In both cases, the SE is an order of magnitude lower than the coefficient, so the coefficients are relevant to explanation of the variation of MLL with frequency.

For curve #4, the coefficients and SE are given below as two arrays, followed by analysis of the error:

[3.12463700e-14 8.41514869e-05 4.25928407e-09]
[6.57069625e-18 3.58347429e-06 3.10773959e-10]
MEAN: 0.04149, SSE: 0.0005409, MSE: 5.409e-06, SSM: 0.02502, R^2: 0.978841

One might hope that a good model with more parameters might be a better fit, but in this case, an insignificant increase in SSE and we might consider the two SSE to be equal.

F test to compare models

The above mentioned R^2 for each of the models, but it is notoriously weak for a lot of purposes.

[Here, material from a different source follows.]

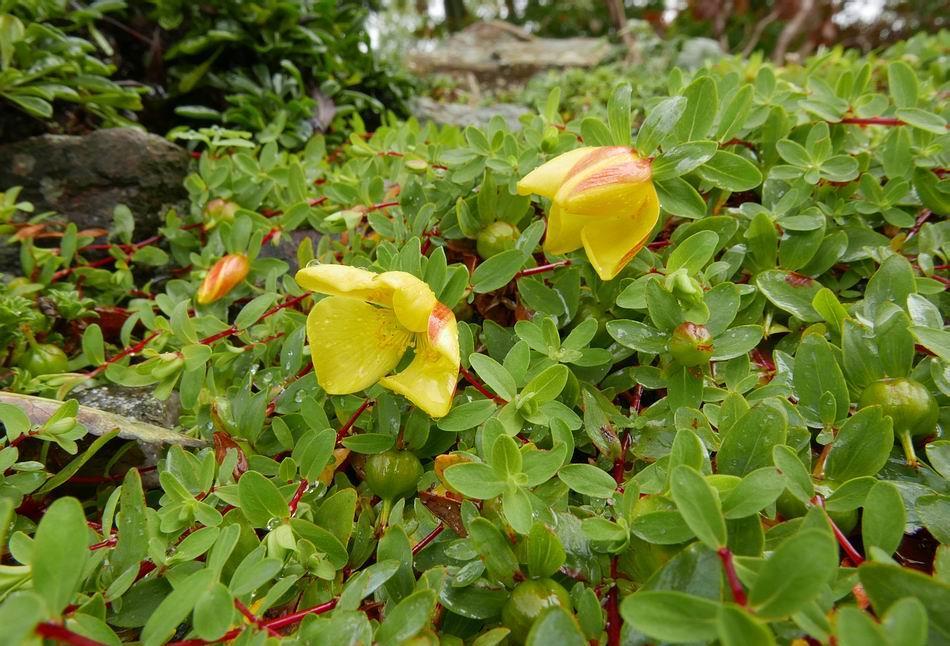 Hypericum reptans will be familiar to regular readers as it also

Let’s use an F test to compare models.

Compare \(MLL = k_1\sqrt f+k_2f\) to AC6LA/Johnson

The first step is to define the null hypothesis and alternative hypothesis.

H0: \(MLL = k_1\sqrt f+k_2f\)
H1: AC6LA/Johnson

From the fit of model to measured data, we calculate \(F=\frac{(SSE_1-SSE_2)/(df_1-df_2)}{SSE_2/df_2}=0\\\).

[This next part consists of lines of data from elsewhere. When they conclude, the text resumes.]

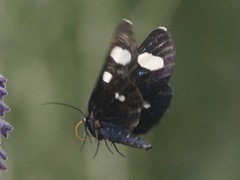 Alypiodes flavilinguis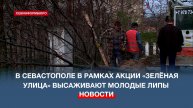 В Севастополе в рамках акции «Зелёная улица» высаживают молодые липы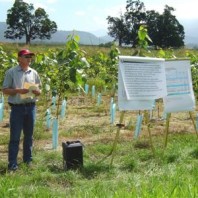 Dr. Johnson talks about buffers.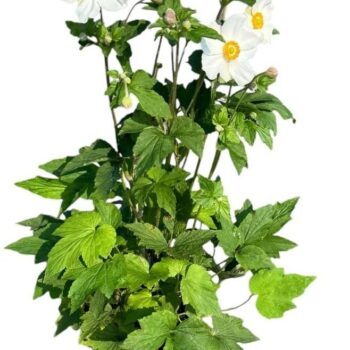 Anemone 'Honorine Jobert'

The critical value of F @ p=0.95 is 3.94, the measured value \( 0 \in \left [ 0, 3.94 \right ] \), so we accept the null hypothesis H0, the simpler model is a better estimator for this scenario.

Compare \(MLL = k_1\sqrt f\) to \(MLL = k_1\sqrt f+k_2f\)

The first step is to define the null hypothesis and alternative hypothesis.

H0: \(MLL = k_1\sqrt f\)
H1: \(MLL = k_1\sqrt f+k_2f\)

From the fit of model to measured data, we calculate \(F=\frac{(SSE_1-SSE_2)/(df_1-df_2)}{SSE_2/df_2}=190\\\).

The critical value of F @ p=0.95 is 3.94, the measured value \( 0.056 \notin \left [ 0, 3.94 \right ] \), we can reject the null hypothesis H0 and accept the alternative hypothesis that the more complex model is a better estimator for this scenario.

Conclusions

• It is possible to measure a short section of two wire transmission line with sufficient accuracy using a NanoVNA v3.3 to enable calculation of a predictive model for Matched Line Loss.
• The transmission line tested was an ‘easy’ case, it used 7 strand copper conductors in a two wire windowed line construction (see the earlier articles).
• Three popular algorithms were used and an F test performed to compare adjacent pairs in the complexity hierarchy:

1. \(MLL = k_1\sqrt f\);
2. \(MLL = k_1\sqrt f+k_2f\); and
3. AC6LA / Johnson loss model.

• The F test rated #2 above the others on this example data.
• The case of #2 being better than #3 is an interesting one, demonstrating that a more complicated model does not assure better accuracy.
• The results apply to the scenario described, and the outcome may be different at different frequencies, or for different transmission line types.